**Problem to solve:**
Stopping at the line that holds "伽隽 货架托盘 90*90*14cm 个", repeat the lines below exactly, starting from the very first and including that final line.

**Listed entries:**
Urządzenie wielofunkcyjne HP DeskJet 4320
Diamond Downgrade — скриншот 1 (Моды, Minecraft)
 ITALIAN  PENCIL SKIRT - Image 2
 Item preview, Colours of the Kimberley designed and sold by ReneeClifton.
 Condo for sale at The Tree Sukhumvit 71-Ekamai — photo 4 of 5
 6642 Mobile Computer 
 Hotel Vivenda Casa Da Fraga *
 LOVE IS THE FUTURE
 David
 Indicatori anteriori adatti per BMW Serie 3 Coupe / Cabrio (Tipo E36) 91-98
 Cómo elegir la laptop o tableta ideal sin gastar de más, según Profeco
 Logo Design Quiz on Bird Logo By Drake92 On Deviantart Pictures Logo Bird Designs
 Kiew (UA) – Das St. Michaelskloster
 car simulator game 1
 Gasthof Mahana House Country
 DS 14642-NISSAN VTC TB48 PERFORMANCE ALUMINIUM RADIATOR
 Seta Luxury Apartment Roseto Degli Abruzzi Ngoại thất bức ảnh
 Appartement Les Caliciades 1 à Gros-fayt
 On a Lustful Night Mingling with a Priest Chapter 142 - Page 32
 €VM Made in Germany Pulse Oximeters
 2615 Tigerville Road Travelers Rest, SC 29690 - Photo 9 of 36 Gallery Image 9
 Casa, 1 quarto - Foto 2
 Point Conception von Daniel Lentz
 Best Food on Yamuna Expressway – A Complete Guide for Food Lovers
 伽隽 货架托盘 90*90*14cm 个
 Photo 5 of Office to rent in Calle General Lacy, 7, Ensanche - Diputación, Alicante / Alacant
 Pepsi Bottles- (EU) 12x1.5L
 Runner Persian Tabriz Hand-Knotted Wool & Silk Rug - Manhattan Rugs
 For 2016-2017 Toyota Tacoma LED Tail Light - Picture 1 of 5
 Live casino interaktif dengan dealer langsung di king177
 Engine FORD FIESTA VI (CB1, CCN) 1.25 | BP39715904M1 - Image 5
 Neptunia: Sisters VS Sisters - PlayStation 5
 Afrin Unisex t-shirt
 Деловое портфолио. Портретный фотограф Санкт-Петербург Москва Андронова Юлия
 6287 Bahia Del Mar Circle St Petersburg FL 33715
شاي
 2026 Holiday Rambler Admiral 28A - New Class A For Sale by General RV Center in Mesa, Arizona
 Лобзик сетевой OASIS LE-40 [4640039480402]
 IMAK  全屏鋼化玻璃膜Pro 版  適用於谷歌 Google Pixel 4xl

**Exercise result:**
Urządzenie wielofunkcyjne HP DeskJet 4320
Diamond Downgrade — скриншот 1 (Моды, Minecraft)
 ITALIAN  PENCIL SKIRT - Image 2
 Item preview, Colours of the Kimberley designed and sold by ReneeClifton.
 Condo for sale at The Tree Sukhumvit 71-Ekamai — photo 4 of 5
 6642 Mobile Computer 
 Hotel Vivenda Casa Da Fraga *
 LOVE IS THE FUTURE
 David
 Indicatori anteriori adatti per BMW Serie 3 Coupe / Cabrio (Tipo E36) 91-98
 Cómo elegir la laptop o tableta ideal sin gastar de más, según Profeco
 Logo Design Quiz on Bird Logo By Drake92 On Deviantart Pictures Logo Bird Designs
 Kiew (UA) – Das St. Michaelskloster
 car simulator game 1
 Gasthof Mahana House Country
 DS 14642-NISSAN VTC TB48 PERFORMANCE ALUMINIUM RADIATOR
 Seta Luxury Apartment Roseto Degli Abruzzi Ngoại thất bức ảnh
 Appartement Les Caliciades 1 à Gros-fayt
 On a Lustful Night Mingling with a Priest Chapter 142 - Page 32
 €VM Made in Germany Pulse Oximeters
 2615 Tigerville Road Travelers Rest, SC 29690 - Photo 9 of 36 Gallery Image 9
 Casa, 1 quarto - Foto 2
 Point Conception von Daniel Lentz
 Best Food on Yamuna Expressway – A Complete Guide for Food Lovers
 伽隽 货架托盘 90*90*14cm 个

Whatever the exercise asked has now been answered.